Les emplois d'avenir et les contrats de génération ne sont pas à mettre sur le même plan. Les emplois d'avenir est un dispositif d'emploi aidés qui est très classique, et qui présente un défaut majeur : il n'est pas accompagné par une politique de formation suffisamment ambitieuse.

Le contrat de génération est plus astucieux, du moins l'idée qui consiste à imaginer un dispositif qui prenne le marché du travail par les deux bouts : les jeunes et les vieux. Mais, bien évidemment, tout ceci ne règle pas le problème du chômage, qui est à la fois un problème de croissance et de structure du marché du travail.

Jean-Luc Gréau : Ce sont des mesures sans portée véritable, et je ne regrette car nous avons besoin de quelque chose de nouveau. Les emplois jeunes, nous les avons connus dans le passé. Or, pour qu'ils fonctionnent, il faut que nous ayons une économie suffisamment active pour créer des emplois d'une façon régulière. La dernière fois que cela a eu lieu, c'était sur la période 1997-2000. Aujourd'hui, je pense que le gouvernement veut seulement montrer qu'il ne désespère pas d'un changement conjoncturel.

Les allégements de charge pour créer des contrats de génération, d'accord. Mais dans une situation où nous avons une concurrence avec des pays à bas salaires, il faudrait faire des allègements de charge ciblés sur les secteurs qui sont en concurrence avec ces pays. Or, l'Europe l'interdit : ou on les abaisse pour tout le monde, le cafetier-restaurateur comme le fabricant d'automobiles, ou on ne le fait à personne.

Michel Sapin a également proposé de reformer le contrat de travail, afin de mieux sécuriser les salariés. Est-ce une piste intéressante pour lutter contre le chômage ?

Nicolas Bouzou : J'aime beaucoup Michel Sapin, mais il y a une erreur majeure dans ce qu'il dit : le CDD, contrairement à ce qu'on dit, est le contrat le plus protecteur pour les salariés. Certes, il est à durée déterminée, mais pendant ce temps, le salarié ne peut pas être licencié, par exemple.

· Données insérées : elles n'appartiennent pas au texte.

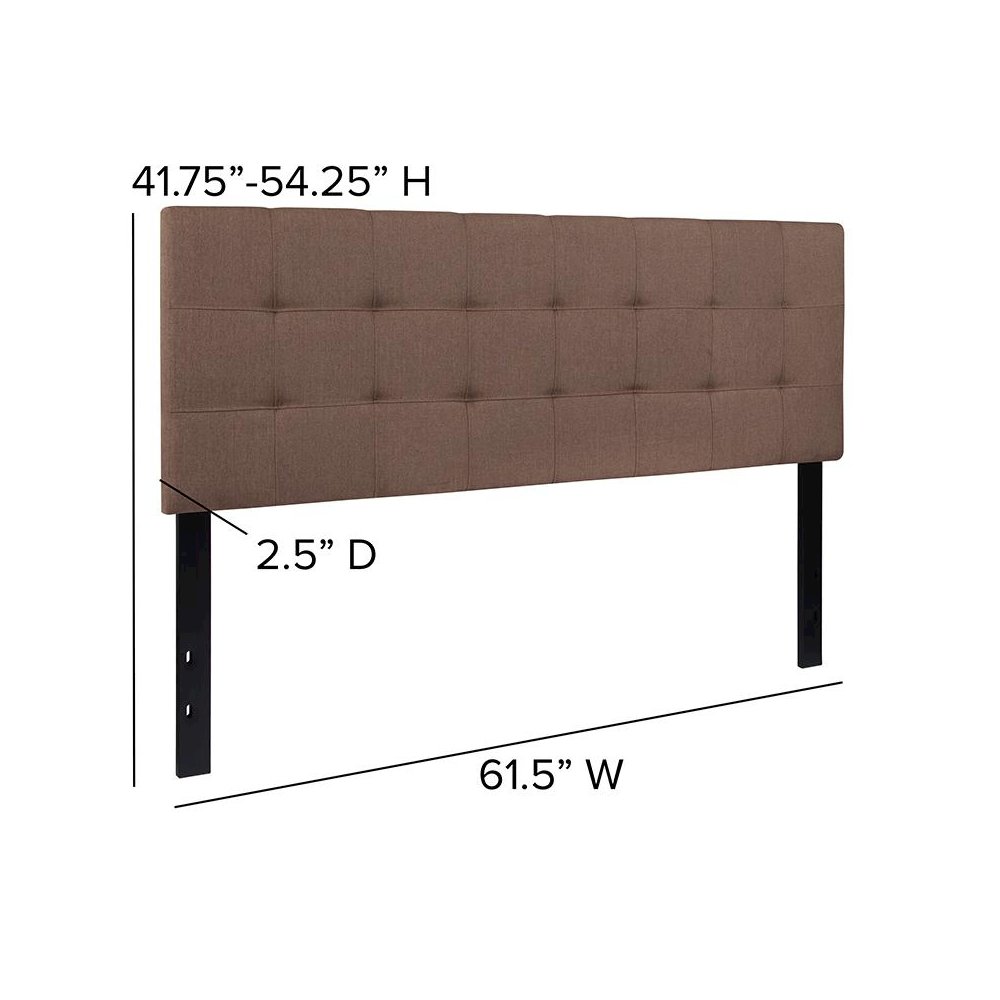Tufted Upholstered Queen Size Headboard in Camel Fabric
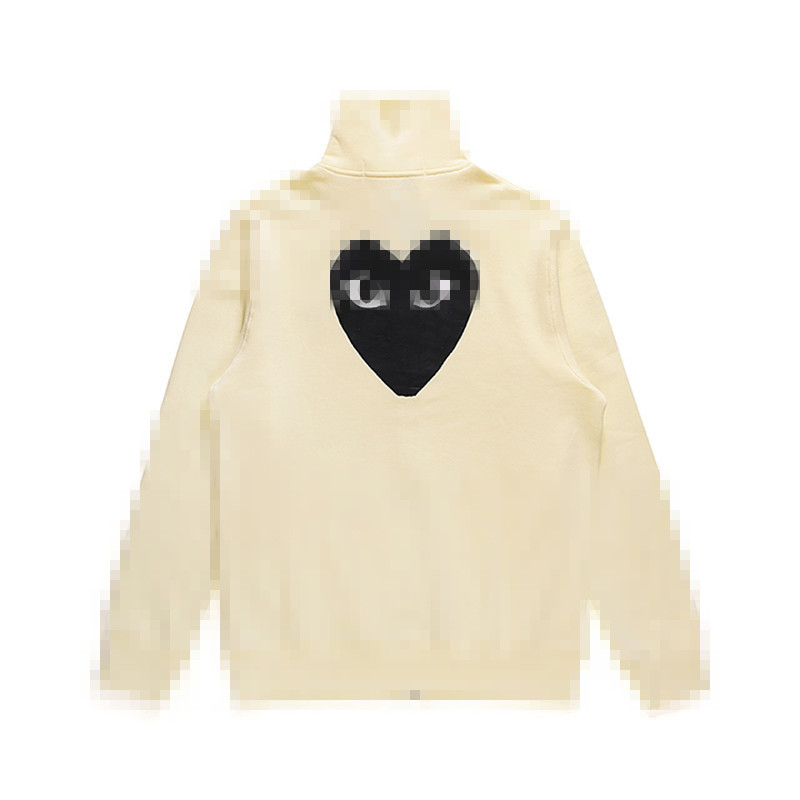 

Mens Tracksuit commes des garcons Hooded Hoodie bIG Heart Plus Size Women Clothing Full Zipper Long Sleeve Men Jackets Cotton Streewear CDG suits, Black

Ce qu'il faut bien comprendre, c'est que le marché du travail est rigide. Toutes les études de l'OCDE montrent que nous avons le marché du travail le plus rigide de tous les pays de l'Organisation. Du coup, la flexibilité rentre par la fenêtre. Car à partir du moment où le marché est rigide, soit l'entreprise ne recrute pas, soit elle prend des contrats d'intérim. En réalité, contrairement à ce que dit Michel Sapin, il faut assouplir les contrats en facilitant les licenciements.

Jean-Luc Gréau : La sécurisation, c'est l'activité économique qui vous la donne, que ça soit en France, en Europe ou aux Etats-Unis. Il faut donc soutenir les secteurs économiques qui sont capables de créer de l'emploi ou d'investir, et prendre des mesures de protection qui disposent d'un avantage concurrentiel considérable.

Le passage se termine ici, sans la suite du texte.